**What needs to be done**: Only one stretch of the data below should be repeated: the lines from the line containing "Thumbnail 32 of" through the line containing "Coil-over suspension repair", inclusive, exactly as they are.

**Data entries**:
========================

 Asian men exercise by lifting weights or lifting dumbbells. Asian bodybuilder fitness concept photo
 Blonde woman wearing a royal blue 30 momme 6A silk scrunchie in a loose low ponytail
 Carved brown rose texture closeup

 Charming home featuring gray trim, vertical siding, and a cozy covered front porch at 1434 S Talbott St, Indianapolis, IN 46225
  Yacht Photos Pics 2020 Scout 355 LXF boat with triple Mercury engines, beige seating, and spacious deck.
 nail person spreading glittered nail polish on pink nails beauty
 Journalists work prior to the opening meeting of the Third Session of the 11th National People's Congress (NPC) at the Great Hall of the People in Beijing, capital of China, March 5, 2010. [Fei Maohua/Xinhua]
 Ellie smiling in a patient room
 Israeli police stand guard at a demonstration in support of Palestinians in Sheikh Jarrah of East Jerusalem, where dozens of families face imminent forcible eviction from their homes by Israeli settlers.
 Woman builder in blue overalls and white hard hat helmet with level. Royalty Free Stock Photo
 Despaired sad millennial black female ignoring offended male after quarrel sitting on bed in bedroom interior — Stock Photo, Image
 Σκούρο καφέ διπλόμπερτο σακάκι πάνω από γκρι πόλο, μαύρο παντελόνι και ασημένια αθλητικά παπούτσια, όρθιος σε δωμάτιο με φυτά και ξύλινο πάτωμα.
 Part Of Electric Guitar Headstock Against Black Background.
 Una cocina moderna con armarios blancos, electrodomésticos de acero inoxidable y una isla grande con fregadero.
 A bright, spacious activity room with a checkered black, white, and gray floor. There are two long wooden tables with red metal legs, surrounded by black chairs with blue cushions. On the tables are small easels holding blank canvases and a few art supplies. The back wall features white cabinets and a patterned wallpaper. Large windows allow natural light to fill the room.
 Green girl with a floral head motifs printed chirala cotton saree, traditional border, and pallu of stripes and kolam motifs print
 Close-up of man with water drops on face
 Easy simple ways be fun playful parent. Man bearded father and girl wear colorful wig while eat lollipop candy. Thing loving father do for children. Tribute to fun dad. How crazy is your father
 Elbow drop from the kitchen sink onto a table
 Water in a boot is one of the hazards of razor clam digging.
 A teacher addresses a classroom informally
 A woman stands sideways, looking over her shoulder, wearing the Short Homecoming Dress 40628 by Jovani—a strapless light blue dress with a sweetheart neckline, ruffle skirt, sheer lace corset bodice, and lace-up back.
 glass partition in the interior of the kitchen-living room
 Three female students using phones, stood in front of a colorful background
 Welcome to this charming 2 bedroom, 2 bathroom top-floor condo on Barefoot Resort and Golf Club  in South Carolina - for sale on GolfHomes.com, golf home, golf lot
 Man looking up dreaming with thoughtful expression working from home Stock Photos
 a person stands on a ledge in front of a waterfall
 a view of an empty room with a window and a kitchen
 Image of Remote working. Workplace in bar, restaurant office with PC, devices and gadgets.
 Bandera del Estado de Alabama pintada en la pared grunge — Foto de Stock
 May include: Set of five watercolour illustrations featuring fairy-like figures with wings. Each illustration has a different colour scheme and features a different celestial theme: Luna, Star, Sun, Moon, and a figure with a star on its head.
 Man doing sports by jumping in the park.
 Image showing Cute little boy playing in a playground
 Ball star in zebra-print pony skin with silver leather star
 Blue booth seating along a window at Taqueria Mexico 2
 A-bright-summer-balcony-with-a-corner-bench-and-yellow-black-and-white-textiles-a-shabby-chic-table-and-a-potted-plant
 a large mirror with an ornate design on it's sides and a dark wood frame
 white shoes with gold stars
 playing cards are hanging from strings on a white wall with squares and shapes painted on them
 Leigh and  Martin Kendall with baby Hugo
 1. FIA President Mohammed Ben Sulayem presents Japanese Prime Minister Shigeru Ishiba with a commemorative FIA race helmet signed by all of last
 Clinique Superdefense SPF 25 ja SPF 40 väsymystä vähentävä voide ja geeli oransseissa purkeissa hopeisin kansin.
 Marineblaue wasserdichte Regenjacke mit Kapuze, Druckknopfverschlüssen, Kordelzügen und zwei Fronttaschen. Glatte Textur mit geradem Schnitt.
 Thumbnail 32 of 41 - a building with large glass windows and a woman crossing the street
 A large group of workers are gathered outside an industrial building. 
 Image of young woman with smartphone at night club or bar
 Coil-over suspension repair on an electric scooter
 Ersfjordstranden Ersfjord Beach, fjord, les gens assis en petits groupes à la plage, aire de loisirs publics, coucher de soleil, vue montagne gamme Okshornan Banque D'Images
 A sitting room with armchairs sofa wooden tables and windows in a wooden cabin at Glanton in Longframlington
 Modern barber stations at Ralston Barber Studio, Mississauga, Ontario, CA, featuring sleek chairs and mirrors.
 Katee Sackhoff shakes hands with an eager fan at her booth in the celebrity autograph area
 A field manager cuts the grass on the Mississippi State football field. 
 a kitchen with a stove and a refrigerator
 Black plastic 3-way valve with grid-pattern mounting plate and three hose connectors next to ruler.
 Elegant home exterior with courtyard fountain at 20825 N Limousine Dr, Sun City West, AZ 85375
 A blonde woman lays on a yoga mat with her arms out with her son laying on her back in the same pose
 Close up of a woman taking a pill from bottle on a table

========================

**Written solution**:
 Thumbnail 32 of 41 - a building with large glass windows and a woman crossing the street
 A large group of workers are gathered outside an industrial building. 
 Image of young woman with smartphone at night club or bar
 Coil-over suspension repair on an electric scooter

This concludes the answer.